Théâtre De l'Impératrice.

(Rue de Louvois.)

C'est le Même, ou la Prévention vaincue, comédie en un acte et en prose de M. Justin.

On donne aujourd'hui, sur plusieurs théâtres, des pièces qui, en vérité, ne sont guère plus achevées que les canevas dont les acteurs de la comédie italienne improvisaient autrefois le dialogue, et qui sont souvent bien moins piquantes. Telle est celle dont nous allons tâcher de rendre compte, et dans laquelle nous n'avons pu découvrir ni plan, ni conduite, ni intérêt, ni une situation comique, ni un mot saillant. Nous dirons plutôt ce que nous avons deviné, que ce que nous avons compris de l'intrigue.

Araminte, qui a la manie du bel-esprit, qui broche des romans, des comédies, des épîtres à son carlin, etc., est mère d'une jolie fille de Julie, dont le poète Célicourt et Lysimon, autre rimeur, sont amoureux. Le premier est reçu dans la maison sous le nom de Dorval, parce que celui de Célicourt (qu'on a mis à la tète d'un libelle où la mère est outragée) y est odieux. La jeune personne est seule dans le secret. Il est assez étonnant que Lysimon ignore le nom d'un homme qui est son rival en poésie et en amour, et qu'Araminte ne connaisse pas davantage l'amant de sa fille.

Quoi qu'il en soit, ce Dorval plaît assez à la mère. Une autre femme, des amies d'Araminte, et qui a quelque prétention sur le cœur du faux Dorval, annonce, dans la conversation, qu'on a joué, la veille, une pièce qui a réussi. Araminte est désolée quand on lui ajoute qu'elle est de Célicourt. Ces deux femmes s'amusent à faire la satire du siècle, et sur-tout celle de Paris. C'est une très-faible copie de l'excellent tableau qu'on trouve dans le Méchant, sur le même sujet.

Dans ce moment, arrive de la campagne Mondor, frère d'Araminte , qui vint lui proposer de marier Julie à Célicourt. Pour se débarrasser des importunités qu'elle essuyé à cet égard, elle n'imagine rien de mieux que de donner sur-le-champ sa fille-à Dorval ; mais elle ignore s'il a du goût pour Julie. Pour s'en assurer, elle lui déclare qu'elle est revenue de ses préventions contre Célicourt, et qu'elle en va faire son gendre. Le faux Dorval, croyant qu'il est-reconnu, et ne pouvant soupçonner la feinte, se jette à ses genoux pour la remercier.
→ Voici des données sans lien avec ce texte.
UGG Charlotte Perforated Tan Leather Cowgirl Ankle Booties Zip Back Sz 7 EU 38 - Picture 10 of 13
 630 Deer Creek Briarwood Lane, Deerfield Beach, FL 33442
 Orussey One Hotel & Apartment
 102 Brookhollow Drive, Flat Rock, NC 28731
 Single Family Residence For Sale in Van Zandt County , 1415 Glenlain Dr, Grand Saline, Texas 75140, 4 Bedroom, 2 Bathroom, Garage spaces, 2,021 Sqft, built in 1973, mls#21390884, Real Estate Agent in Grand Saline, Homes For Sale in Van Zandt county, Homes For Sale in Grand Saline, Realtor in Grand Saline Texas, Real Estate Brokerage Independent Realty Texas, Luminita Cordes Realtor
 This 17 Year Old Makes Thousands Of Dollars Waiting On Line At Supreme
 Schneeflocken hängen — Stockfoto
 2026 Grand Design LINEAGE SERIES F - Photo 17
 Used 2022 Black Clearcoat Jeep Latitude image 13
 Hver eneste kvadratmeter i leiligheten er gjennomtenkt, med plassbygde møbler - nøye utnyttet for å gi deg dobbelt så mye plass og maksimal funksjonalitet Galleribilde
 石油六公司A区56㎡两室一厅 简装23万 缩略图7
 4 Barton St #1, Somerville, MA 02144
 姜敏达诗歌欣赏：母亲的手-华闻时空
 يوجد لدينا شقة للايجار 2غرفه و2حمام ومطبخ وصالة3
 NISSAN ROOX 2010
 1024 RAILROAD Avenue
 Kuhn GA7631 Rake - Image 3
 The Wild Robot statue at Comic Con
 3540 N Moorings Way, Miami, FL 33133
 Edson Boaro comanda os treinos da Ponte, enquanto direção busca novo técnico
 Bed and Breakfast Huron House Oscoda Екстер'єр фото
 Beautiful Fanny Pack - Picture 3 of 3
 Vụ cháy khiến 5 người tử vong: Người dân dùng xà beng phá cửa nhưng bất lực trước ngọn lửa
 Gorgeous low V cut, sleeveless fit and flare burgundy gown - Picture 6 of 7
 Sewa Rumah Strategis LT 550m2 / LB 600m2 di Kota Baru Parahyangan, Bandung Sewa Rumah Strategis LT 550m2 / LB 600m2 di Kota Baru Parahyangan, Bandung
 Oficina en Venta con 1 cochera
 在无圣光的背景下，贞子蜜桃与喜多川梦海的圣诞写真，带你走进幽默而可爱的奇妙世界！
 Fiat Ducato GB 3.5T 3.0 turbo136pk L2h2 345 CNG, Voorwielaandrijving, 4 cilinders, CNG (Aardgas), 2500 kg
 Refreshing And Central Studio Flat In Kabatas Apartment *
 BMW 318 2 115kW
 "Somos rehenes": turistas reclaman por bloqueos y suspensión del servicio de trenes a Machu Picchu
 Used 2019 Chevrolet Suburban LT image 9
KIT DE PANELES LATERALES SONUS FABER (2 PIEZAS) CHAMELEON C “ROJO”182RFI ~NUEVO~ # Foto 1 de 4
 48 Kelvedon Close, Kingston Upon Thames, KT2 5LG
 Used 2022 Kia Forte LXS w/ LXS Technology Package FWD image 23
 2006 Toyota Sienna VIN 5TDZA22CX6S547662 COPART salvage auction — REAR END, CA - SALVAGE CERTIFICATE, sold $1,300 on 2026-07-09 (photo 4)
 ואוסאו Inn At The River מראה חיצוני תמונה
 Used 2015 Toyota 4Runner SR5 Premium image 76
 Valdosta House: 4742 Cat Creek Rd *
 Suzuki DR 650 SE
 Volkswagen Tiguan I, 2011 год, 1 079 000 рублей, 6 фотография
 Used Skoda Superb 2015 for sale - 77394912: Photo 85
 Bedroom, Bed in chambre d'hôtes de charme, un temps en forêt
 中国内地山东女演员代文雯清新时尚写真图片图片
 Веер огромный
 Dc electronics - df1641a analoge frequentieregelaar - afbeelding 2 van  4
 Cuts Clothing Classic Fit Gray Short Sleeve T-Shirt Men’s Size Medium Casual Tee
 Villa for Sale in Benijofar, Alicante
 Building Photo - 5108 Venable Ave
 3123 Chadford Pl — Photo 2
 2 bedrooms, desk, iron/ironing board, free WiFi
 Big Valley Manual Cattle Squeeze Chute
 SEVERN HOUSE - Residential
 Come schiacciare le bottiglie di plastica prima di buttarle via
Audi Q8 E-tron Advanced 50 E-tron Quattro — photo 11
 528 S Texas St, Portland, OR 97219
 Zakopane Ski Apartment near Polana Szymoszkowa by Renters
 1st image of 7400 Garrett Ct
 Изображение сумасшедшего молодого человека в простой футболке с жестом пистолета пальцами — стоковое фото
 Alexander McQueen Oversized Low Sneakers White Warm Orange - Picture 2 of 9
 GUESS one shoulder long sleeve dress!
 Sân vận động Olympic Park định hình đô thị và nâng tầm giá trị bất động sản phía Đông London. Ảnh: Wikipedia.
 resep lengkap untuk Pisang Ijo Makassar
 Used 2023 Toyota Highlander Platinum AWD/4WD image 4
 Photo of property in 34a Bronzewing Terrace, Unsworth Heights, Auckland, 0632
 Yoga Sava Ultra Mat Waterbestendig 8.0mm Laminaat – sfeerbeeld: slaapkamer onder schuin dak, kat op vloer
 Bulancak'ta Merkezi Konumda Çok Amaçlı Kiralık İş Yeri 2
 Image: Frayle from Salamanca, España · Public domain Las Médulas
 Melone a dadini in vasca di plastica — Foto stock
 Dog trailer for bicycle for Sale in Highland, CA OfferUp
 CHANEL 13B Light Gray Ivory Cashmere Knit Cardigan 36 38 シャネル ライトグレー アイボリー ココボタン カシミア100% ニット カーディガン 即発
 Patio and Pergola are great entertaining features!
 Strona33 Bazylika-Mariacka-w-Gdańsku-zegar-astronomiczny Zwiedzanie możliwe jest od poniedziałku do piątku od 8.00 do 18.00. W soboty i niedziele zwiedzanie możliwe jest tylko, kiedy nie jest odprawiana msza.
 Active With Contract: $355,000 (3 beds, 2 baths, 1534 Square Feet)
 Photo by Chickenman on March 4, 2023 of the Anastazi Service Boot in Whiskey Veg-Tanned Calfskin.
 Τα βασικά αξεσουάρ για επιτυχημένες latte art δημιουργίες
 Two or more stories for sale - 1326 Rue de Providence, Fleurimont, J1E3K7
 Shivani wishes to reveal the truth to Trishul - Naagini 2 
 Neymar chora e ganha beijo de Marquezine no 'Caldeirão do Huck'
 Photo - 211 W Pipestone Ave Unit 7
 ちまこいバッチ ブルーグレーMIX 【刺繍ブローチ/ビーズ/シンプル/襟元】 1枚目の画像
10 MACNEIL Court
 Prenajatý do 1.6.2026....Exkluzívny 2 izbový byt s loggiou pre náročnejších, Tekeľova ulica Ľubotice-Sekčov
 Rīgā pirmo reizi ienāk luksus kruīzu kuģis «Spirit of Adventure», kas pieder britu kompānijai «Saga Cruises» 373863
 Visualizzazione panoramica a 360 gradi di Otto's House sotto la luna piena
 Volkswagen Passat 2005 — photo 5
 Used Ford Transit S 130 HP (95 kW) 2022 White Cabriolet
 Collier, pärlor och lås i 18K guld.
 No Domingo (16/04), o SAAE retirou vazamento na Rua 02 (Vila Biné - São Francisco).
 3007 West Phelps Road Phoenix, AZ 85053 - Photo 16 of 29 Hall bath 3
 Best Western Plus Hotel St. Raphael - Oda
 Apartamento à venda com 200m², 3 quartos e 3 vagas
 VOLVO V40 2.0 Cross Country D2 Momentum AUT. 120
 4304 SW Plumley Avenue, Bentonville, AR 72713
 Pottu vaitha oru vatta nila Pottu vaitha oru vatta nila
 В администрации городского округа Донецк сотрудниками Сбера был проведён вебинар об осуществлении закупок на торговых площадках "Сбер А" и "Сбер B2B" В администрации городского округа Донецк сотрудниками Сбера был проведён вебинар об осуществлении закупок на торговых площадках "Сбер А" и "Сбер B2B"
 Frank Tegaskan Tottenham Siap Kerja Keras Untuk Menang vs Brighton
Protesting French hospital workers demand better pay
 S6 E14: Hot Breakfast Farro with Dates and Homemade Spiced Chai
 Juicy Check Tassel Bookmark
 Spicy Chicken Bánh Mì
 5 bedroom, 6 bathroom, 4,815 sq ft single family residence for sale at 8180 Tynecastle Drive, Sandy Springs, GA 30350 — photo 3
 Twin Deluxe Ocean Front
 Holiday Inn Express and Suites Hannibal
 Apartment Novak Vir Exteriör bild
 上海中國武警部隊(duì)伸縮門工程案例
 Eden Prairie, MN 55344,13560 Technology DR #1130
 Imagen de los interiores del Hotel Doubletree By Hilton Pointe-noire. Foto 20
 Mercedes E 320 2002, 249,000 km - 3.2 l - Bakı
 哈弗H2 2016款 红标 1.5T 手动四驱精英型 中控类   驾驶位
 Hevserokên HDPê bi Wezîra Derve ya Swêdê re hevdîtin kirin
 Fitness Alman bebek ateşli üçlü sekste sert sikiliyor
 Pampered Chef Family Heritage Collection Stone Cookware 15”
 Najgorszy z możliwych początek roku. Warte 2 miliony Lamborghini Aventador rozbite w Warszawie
Elle s'imagine qu'il veut la prier de ne pas donner sa fille à Célicourt, et lui déclare que ce n'était qu'un moyen employé pour découvrir s'il aimait Julie. Voilà le poète replongé dans une fâcheuse anxiété. Celle des spectateurs n'était pas moindre. On commençait à s'ennuyer de toutes ces invraisemblances, de tous ces misérables quiproquo ; on en desirait la fin, lorsqu'on a heureusement vu arriver le notaire. Il connaissait le prétendu Dorval. Le contrat est signé par tout le monde, et Araminte seule ignore que c'est Célicourt qui vient d'y figurer. Elle en est instruite par son amie et l'autre poète, qui arrivent-à propos pour la désabuser, et ressortent à l'instant. « Nous n.'avons plus rien à faire ici, dit cette amie à Lysimon nous avons tous deux notre congé. » Après qu'ils sont partis, Célicourt s'explique avec sa belle-mère, se défend d'être l'auteur du libelle qui l'a choquée, et assure que c'est l'ouvrage de son rival, qui le lui a méchamment imputé ; elle se laisse persuader, et finit en disant : « Qu'elle a trop aimé Dorval pour haïr Célicour. »

Ce mauvais roman a été-très-bien joué. Tout le monde savait ses rôles ; ce qui n'arrive pas toujours à ce théâtre, et ce dont il faut tenir compte à des acteurs qui jouent toutes les semaines quelque nouveauté. Ils peuvent s'attribuer tout le succès de celle-ci, dont le sort a été quelque temps incertain. Elle a même essuyé quelques coups de sifflets au milieu des applaudissemens et des cris qui demandaient l'auteur, qu'on a nommé. Picard a eu soin d'annoncer que c'était son coup d'essai. C'est un titre à l'indulgence.